Margaret Thatcher narrowly beats David Cameron to be named worst prime minister of the century
Despite her top ranking in the poll, Lib Dem Lord Paddy Ashdown declared the Iron Lady as one of the most successful prime ministers of all time
DAVID Cameron has been narrowly beaten by Margaret Thatcher for the title of the century’s worst prime minister.
Members of the Historical Writers’ Association were asked to consider the 19 prime ministers who have led the UK since 1916 and Thatcher came first with 24% of the vote.
Cameron was not far behind with 22% and Neville Chamberlain came in third with 17%.
The biggest problem the authors had with her time in charge was her attitude to society, saying she had a “lack of compassion”.
But she did receive some praise from the Lib Dem Lord Paddy Ashdown who said during her time in charge, from 1979 to 1990, she was “a great and necessary destroyer”.
And he said he would count her as one of the most successful prime ministers of all time.
He said: “I disagreed with Mrs Thatcher, I fought her all the way.

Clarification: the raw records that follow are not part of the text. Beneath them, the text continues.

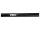 Zeck Evo Cat Spin 243 | 120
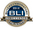 BLI Recommended Seal 2014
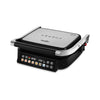Grill Elektrik Sonifer SF-6203 (1800W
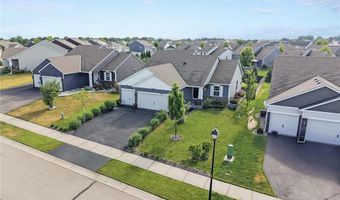 15174 Emory Cir, Apple Valley, MN 55124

“But I thought she was a great and necessary destroyer.
“Some of those old structures she pulled down had to be pulled down, but what she wasn’t was a builder.
“Oddly enough, this will offend some, I put her down as one of the most successful PMs of all time, not because I agreed with her, but because she laid out her stall and she achieved it, and Britain in many ways was stronger afterwards – although in many ways it was also weaker, particularly our sense of communities,” The Guardian reports.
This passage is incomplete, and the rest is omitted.